Give back exactly the lines of the data below, starting with the line that has "Photo of 4721" and going on through the line that has "Gio Carangi online".

Top of Material for this exercise

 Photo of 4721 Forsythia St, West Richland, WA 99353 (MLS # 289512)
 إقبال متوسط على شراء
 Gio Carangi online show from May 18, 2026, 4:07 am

Bottom of Material for this exercise
Top of Material for this exercise

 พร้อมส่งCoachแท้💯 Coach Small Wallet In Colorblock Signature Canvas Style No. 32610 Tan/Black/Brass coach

Bottom of Material for this exercise

= Exercise output =
 Photo of 4721 Forsythia St, West Richland, WA 99353 (MLS # 289512)
 إقبال متوسط على شراء
 Gio Carangi online show from May 18, 2026, 4:07 am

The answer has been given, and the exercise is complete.